» Work instruction:
Give back the records that follow exactly, images excluded.

Stored data:
*** Begin section ***

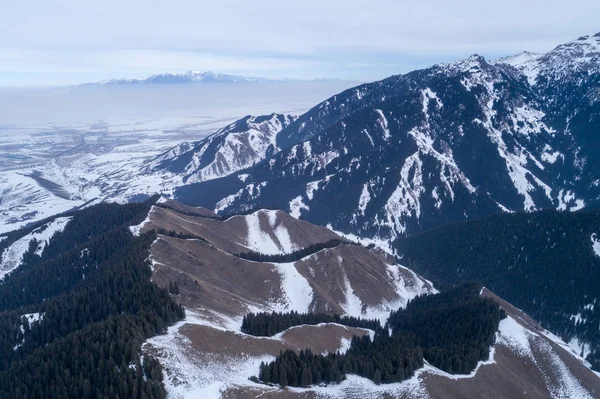Vista Aérea Das Montanhas Florestas Alpinas — Fotografia de Stock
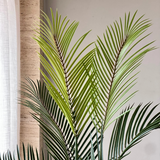 Areca Palm Tree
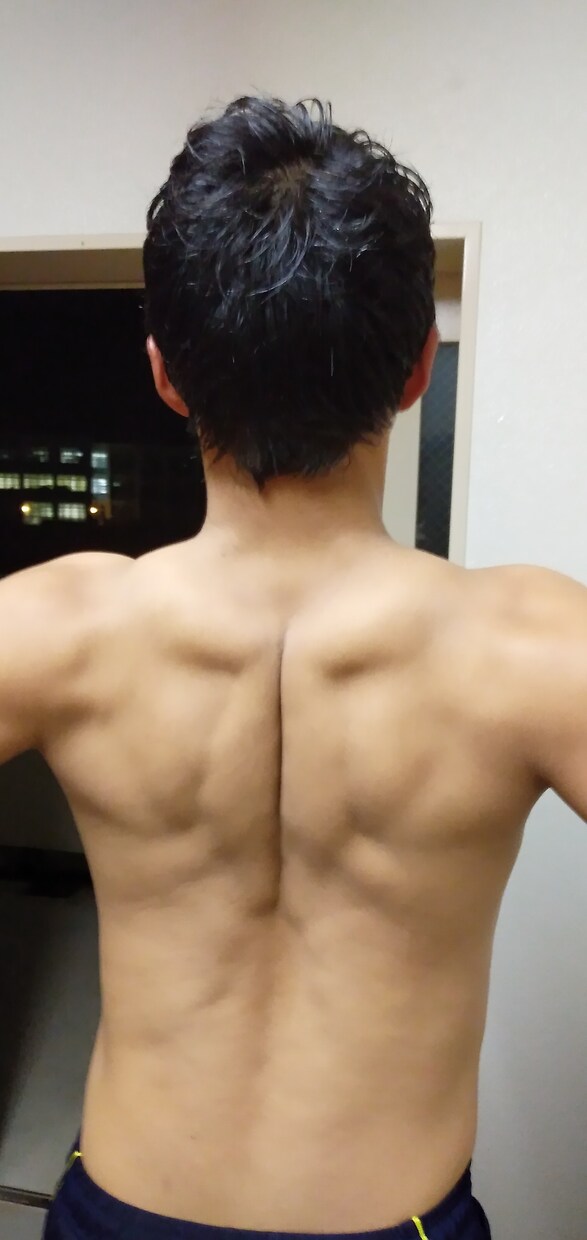 脱初心者:1か月間筋トレのサポートします もう"チキン野郎"なんて言わせない イメージ4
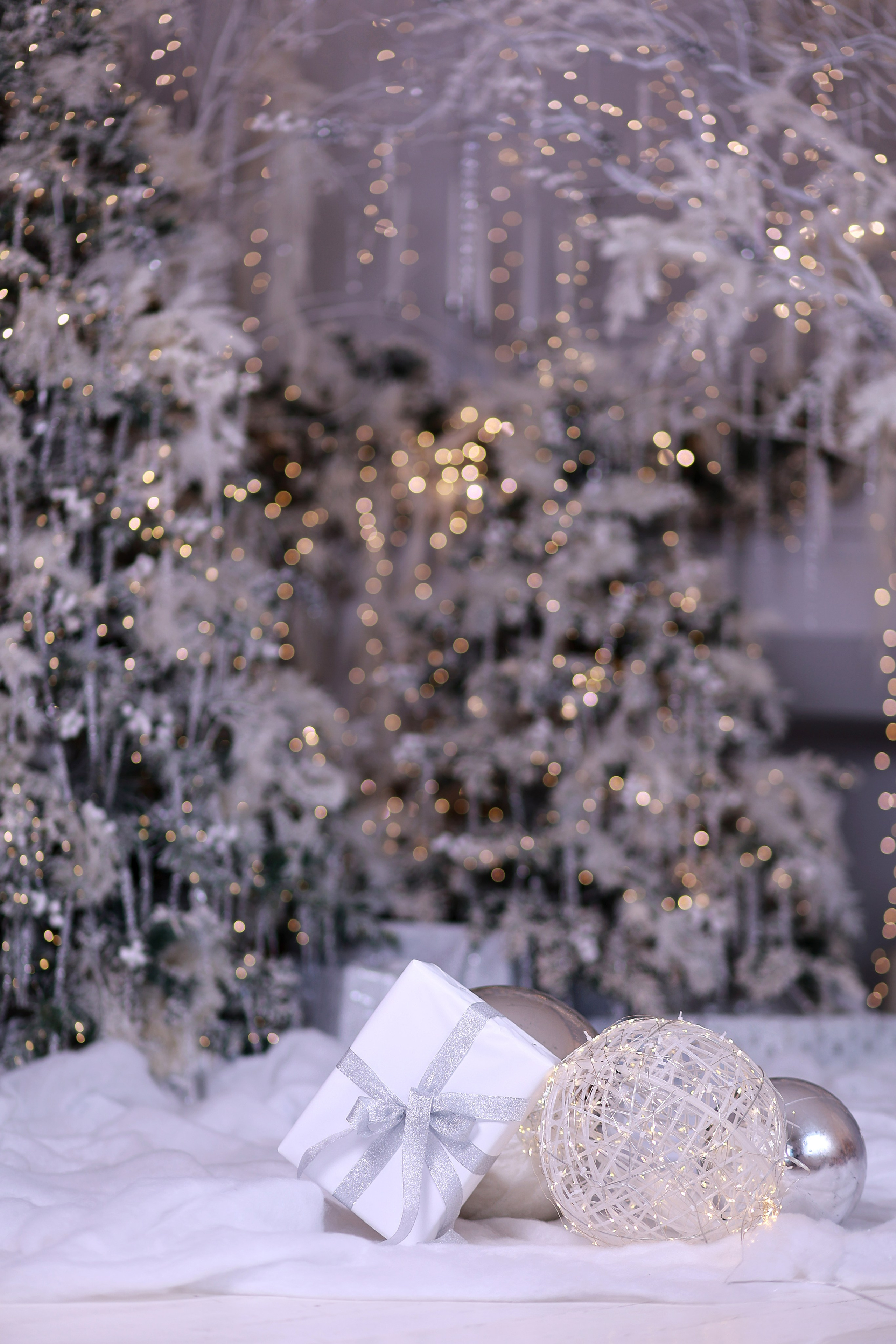 Alice. Детский семейный фотограф Краснодар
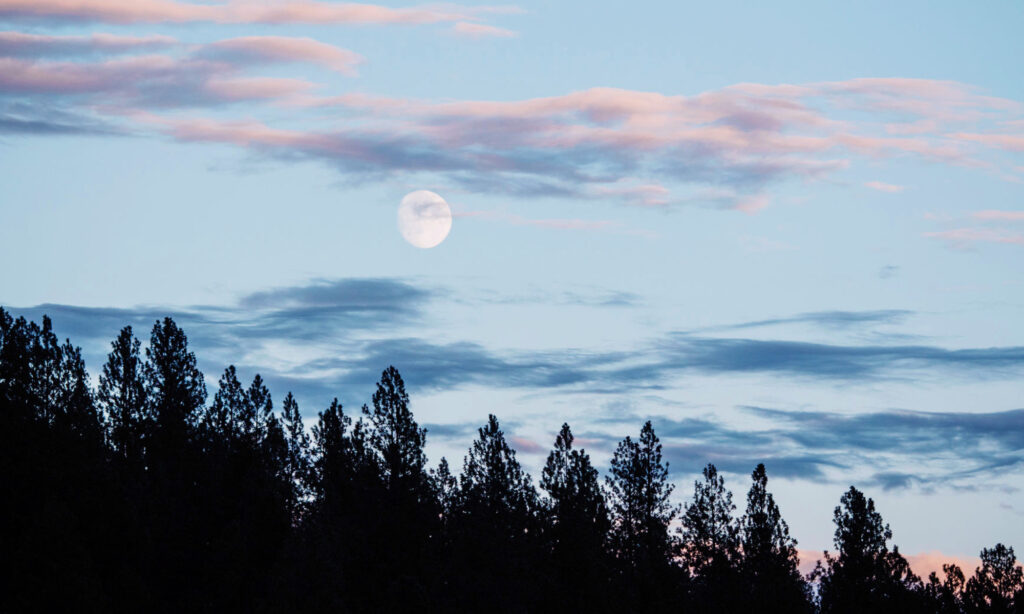 The First Full Moon Of 2026 Is In Cancer—Here’s What To Know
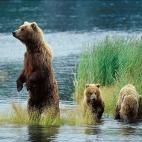 5c8a59c32400006b054bc0d5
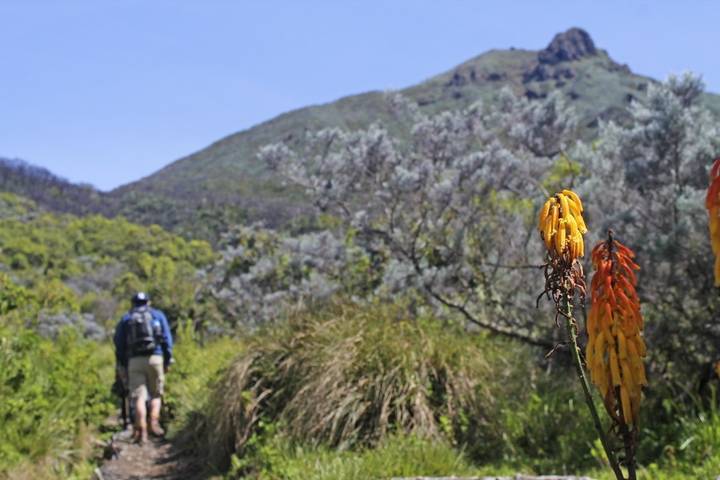 Itinerary Image 2
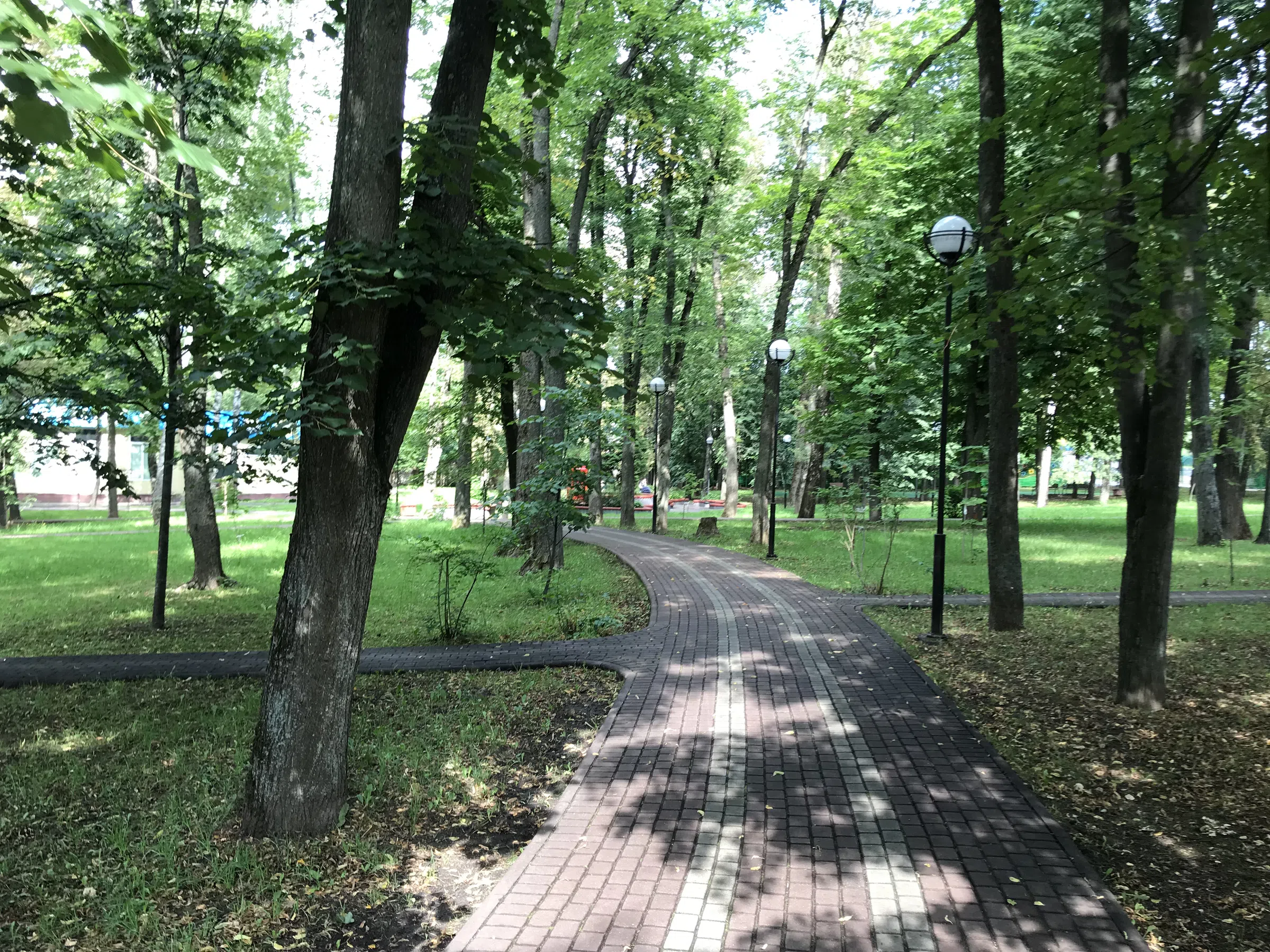 Парк с аттракционами и колесом, фото 24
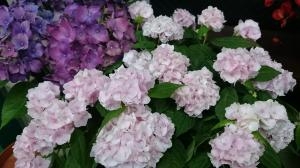 ５月１０日は母の日のです。｜「フラワーショップ花生園」　（愛知県岡崎市の花キューピット加盟店 花屋）のブログ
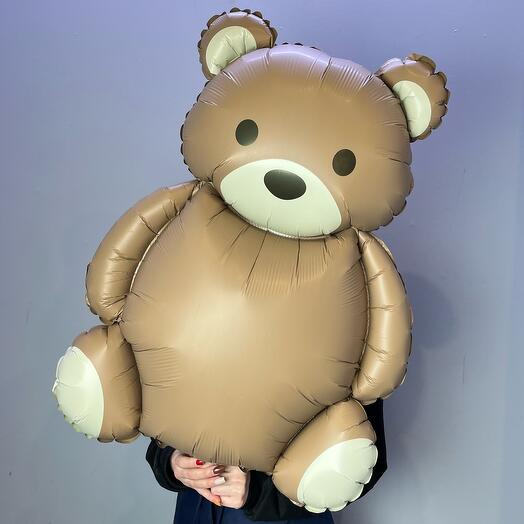 Шар медведь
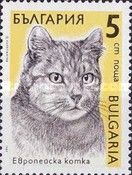 European Domestic Cat (Felis silvestris catus)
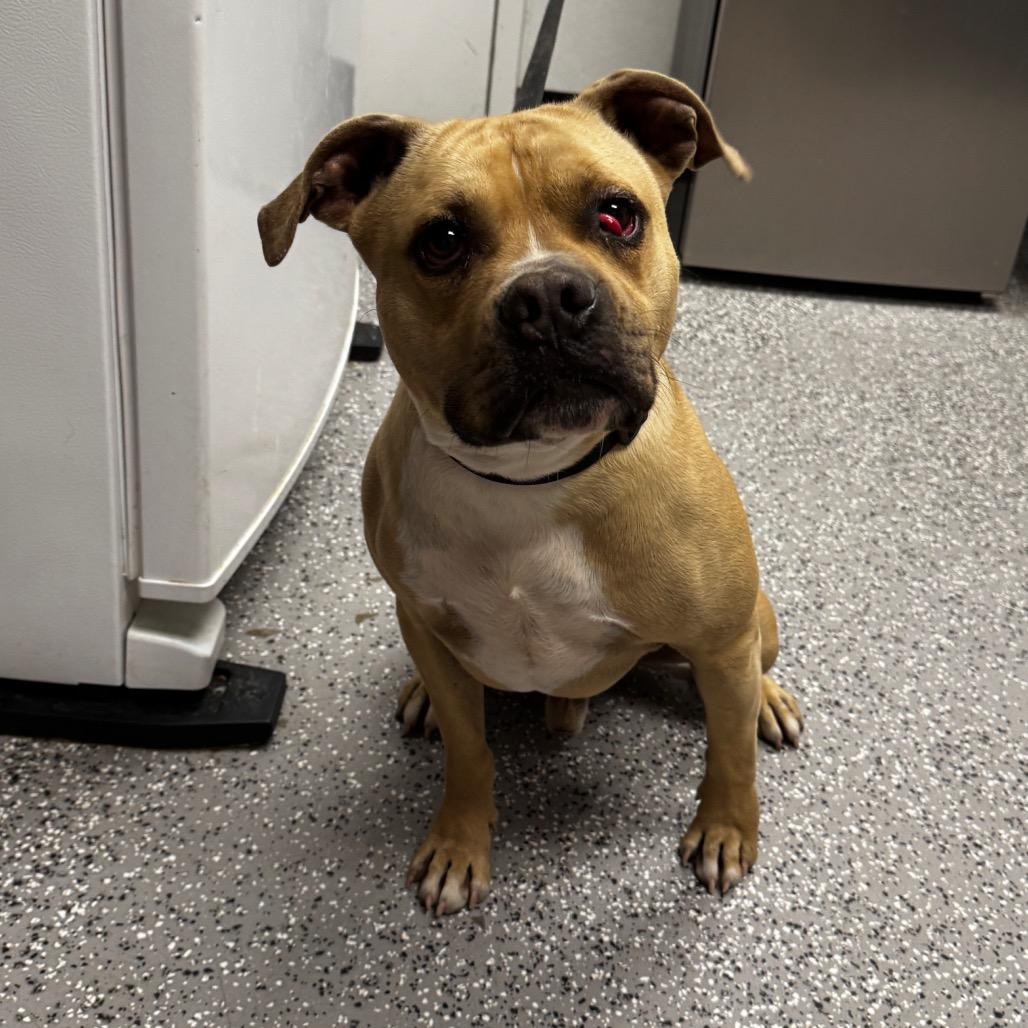 Enlarge Chopper, a Adoptable Boxer in Henderson, NV image 2/2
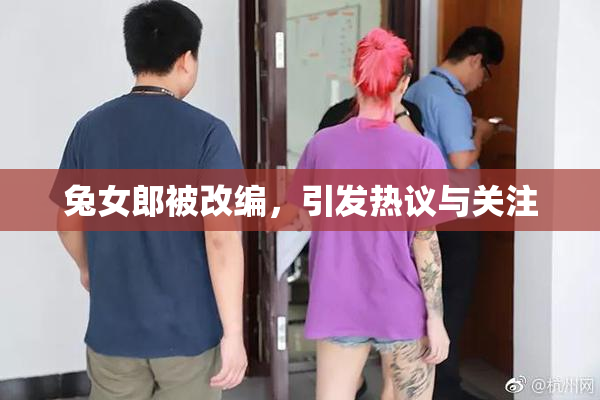 兔女郎被改编，引发热议与关注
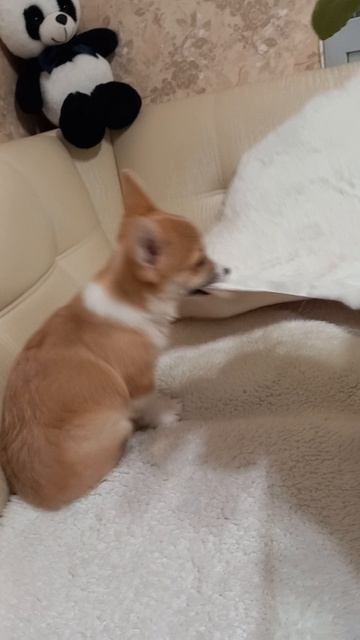 Меня зовут Джексон! Приветик🐕🦴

*** End section ***

» Solved exercise:
Vista Aérea Das Montanhas Florestas Alpinas — Fotografia de Stock
 Areca Palm Tree
 脱初心者:1か月間筋トレのサポートします もう"チキン野郎"なんて言わせない イメージ4
 Alice. Детский семейный фотограф Краснодар
 The First Full Moon Of 2026 Is In Cancer—Here’s What To Know
 5c8a59c32400006b054bc0d5
 Itinerary Image 2
 Парк с аттракционами и колесом, фото 24
 ５月１０日は母の日のです。｜「フラワーショップ花生園」　（愛知県岡崎市の花キューピット加盟店 花屋）のブログ
 Шар медведь
 European Domestic Cat (Felis silvestris catus)
 Enlarge Chopper, a Adoptable Boxer in Henderson, NV image 2/2
 兔女郎被改编，引发热议与关注
 Меня зовут Джексон! Приветик🐕🦴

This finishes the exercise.